Selon ArcelorMittal, céder tous les actifs de Florange mettrait en péril ses activités en France.

Selon ArcelorMittal, céder tous les actifs de Florange mettrait en péril ses activités en France. - -

Pour répondre à deux offres de reprises, le gouvernement demande à ArcelorMittal de céder l’intégralité du site mosellan. Le sidérurgiste y est opposé, arguant que cela remettrait en cause la viabilité de ses activités en France.

ArcelorMittal ne veut pas céder les actifs rentables de Florange. Dans un communiqué publié ce vendredi 23 novembre, le groupe sidérurgiste affirme que "La vente des activités aval mettrait en péril la viabilité du reste des activités d'ArcelorMittal en France". Il répond ainsi à la demande du miinistre du Redressement productif et du Travail, Arnaud Montebourg et Michel Sapin, qui ce matin même lui demandait "de prendre ses responsabilités

Car le gouvernement a en main les propositions de deux repreneurs pour le site mosellan. Mais celles-ci ne veulent pas se contenter des activités déficitaires du site –comme les hauts fourneaux à l’arrêt depuis 14 mois- et la cokerie, que le sidérurgiste était prêt à céder.

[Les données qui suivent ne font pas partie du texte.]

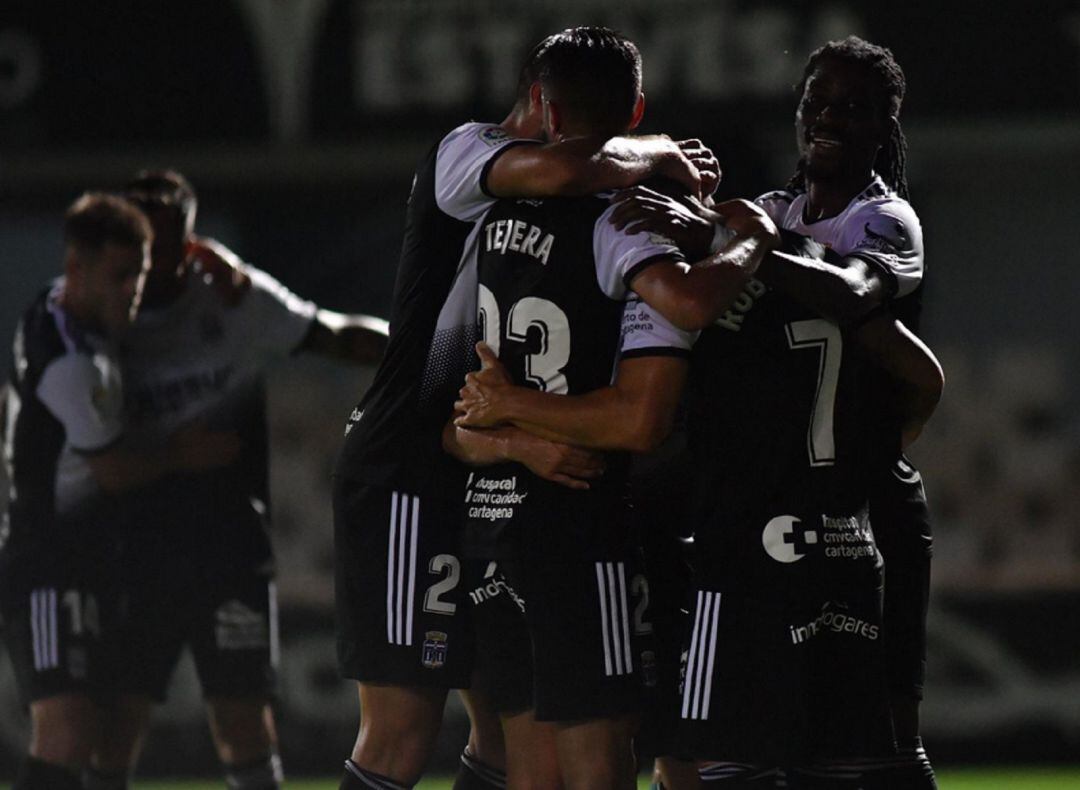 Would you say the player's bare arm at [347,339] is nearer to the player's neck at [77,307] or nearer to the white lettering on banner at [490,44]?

Les deux offres concernent l’intégralité du site, avec le laminoir à chaud ainsi que les lignes de traitement et de finition de l'acier. Des installations qu’Arcelor juge donc stratégiques pour la poursuite de ses activités. Il met même dans la balance les 20 000 emplois qu’il a au sein de l’hexagone.

Les possibilités de sauver le site de Florange sont de plus en plus réduites. L’idée d’une nationalisation, évoquée jeudi par Arnaud Montebourg, n’est plus d’actualité. Le ministre a aussi tenté de mettre dans la balance des dettes fiscales "astronomiques" que le groupe aurait vis-à-vis de l’état français, des faits aussitôt démentis par l’intéressé.